190704 ダイニングテーブルの照明問題

ダイニングテーブルの照明について。

火を囲って食事をする原始時代からの流れなのか
照明の教科書には、ダイニングテーブルの照明器具はペンダントに限ると書いている。

部屋の重心を作るという意味ではその通りだと思う。

そこでいつも気にするのは
鍋と焼き肉をする時どうするのかという問題。

そんなことを考えていると
ダイニングテーブルに吊るす照明器具は、拭けて掃除できることを前提に選びたい。

次に問題になるのが照明器具の高さ。
yamagiwaか何かで以前見た推奨は、テーブル高さ+60cmが照明器具の下端。
しかし、これで吊ってしまうと大体は低いと問題になる。
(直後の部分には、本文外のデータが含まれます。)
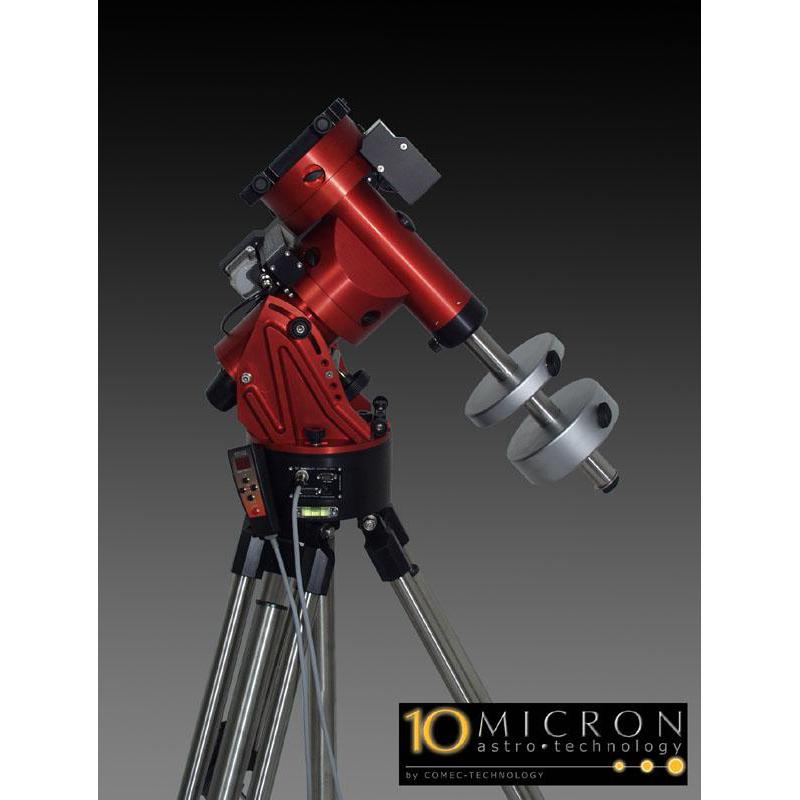 10Micron Deluxe GM 2000 QCI 'Ultraport' GoTo mount, complete package with extensive accessories
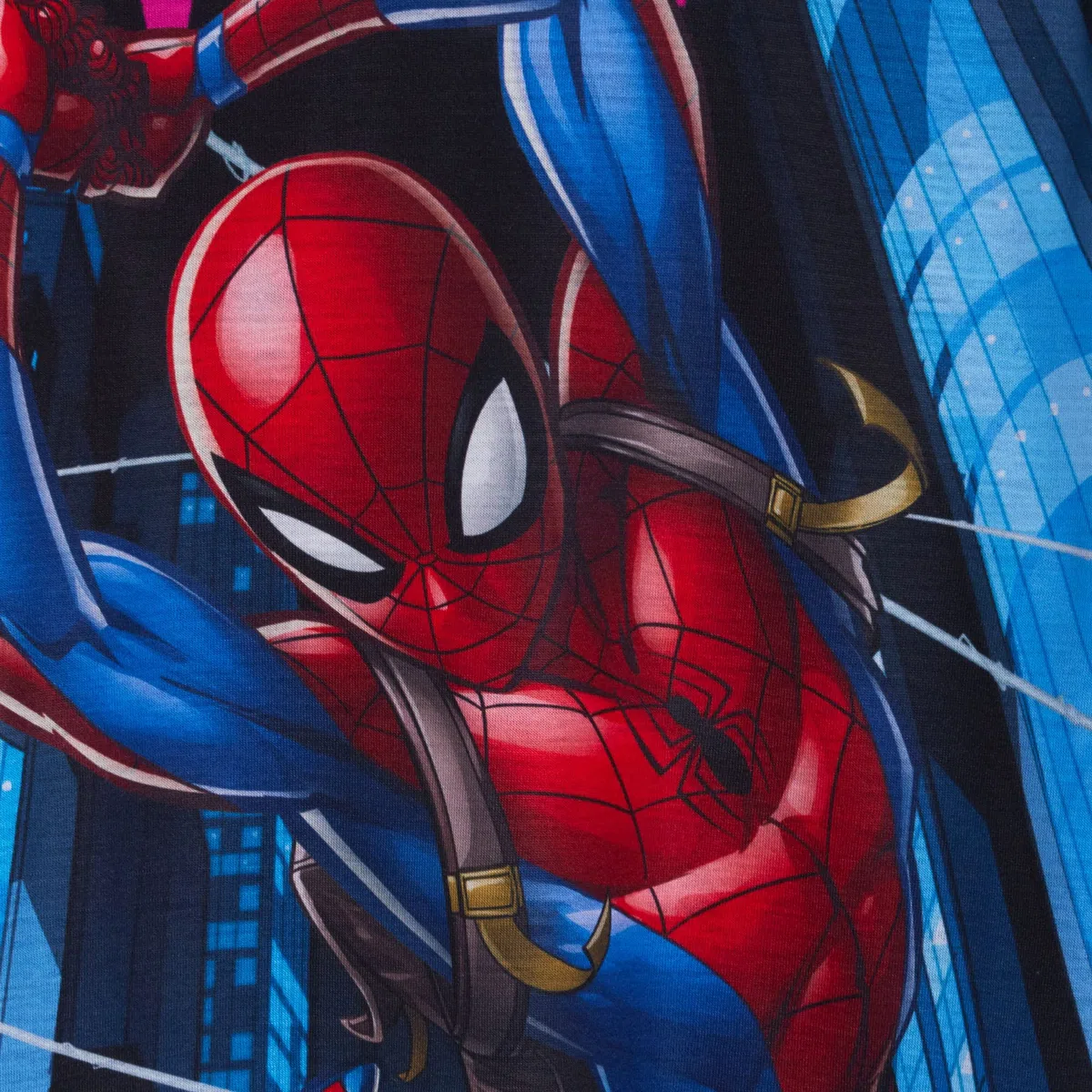 Set di 3 t-Shirt Spiderman per Ragazzi, Top per Travestimento Marvel per Bambini, t-Shirt a Maniche Corte, Multipack.
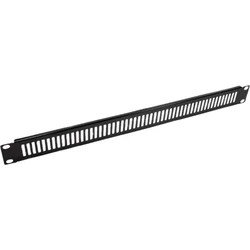 Value Κάλυμμα Πάνελ Rack 1U 19" Μαύρο (26.99.0319-10)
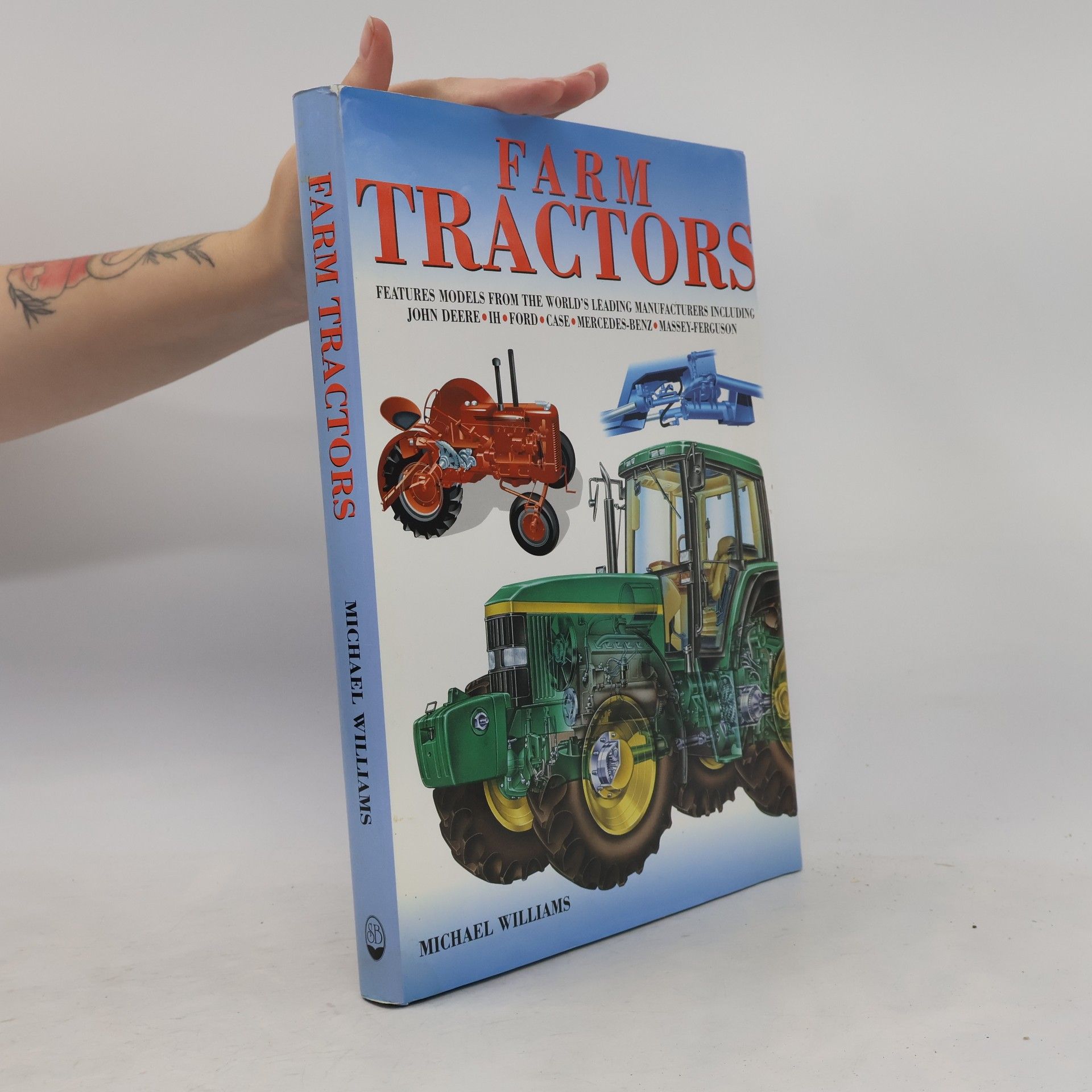 Malcolm Curtin Farm Tractors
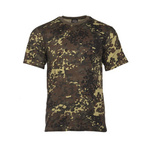 Military T-shirt Flecktarn Short sleeves Mil-tec New (11012021)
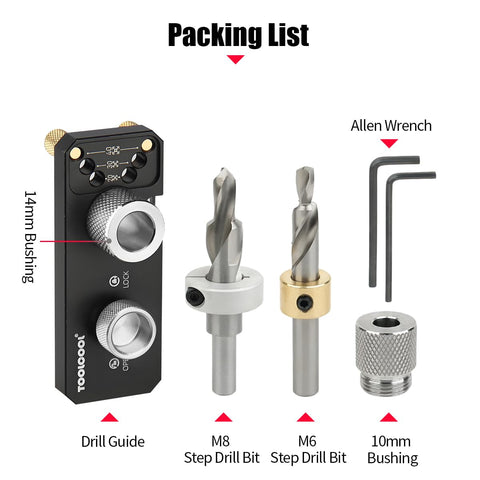 Toolcool aluminum alloy body with anodized finish resists wear.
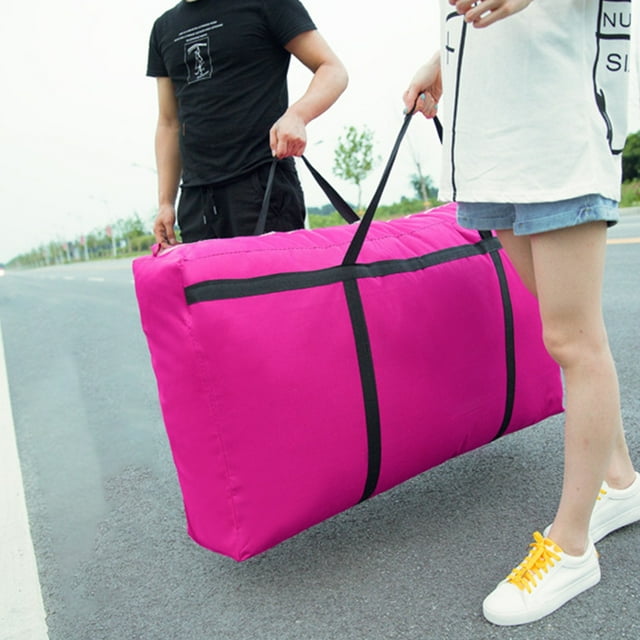VONKY Scratch-proof And Tear-resistant Bag For Moving And Traveling Exquisite Craft Bag Large Capacity red-105L 1Set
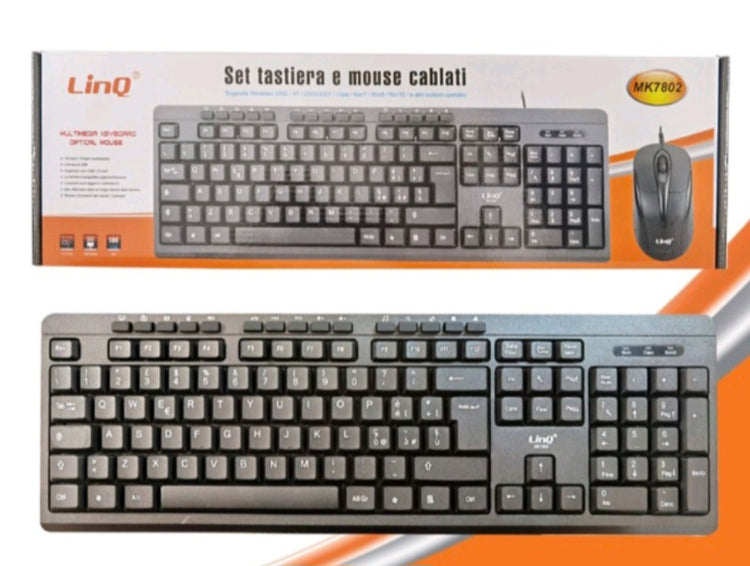 Tastatura plus mis MK 7802 zicana tastatura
(見た目はすごく良いです)

そこで思いきって、1m80cmや2mと立った時に頭が当たらない高さにする案が出てくる。
しかし、これはものすごく中途半端で重心を低くしたいと思ってペンダントの照明を吊っているのに
逆効果になる。そんなことをするぐらいなら何も吊らずにピンスポットのダウンライトにするのが正解だと思う。

と、色々と考えて自宅のダイニングテーブルの写真。
テーブルにスタンド式照明を置いて使っている。
これなら移動もさせられるし色々と気になっていた問題がクリアされる。

手元が明るく、横や下から顔を照らすので目の下に影(クマ)ができず
照らし方としても良い提案だと思う。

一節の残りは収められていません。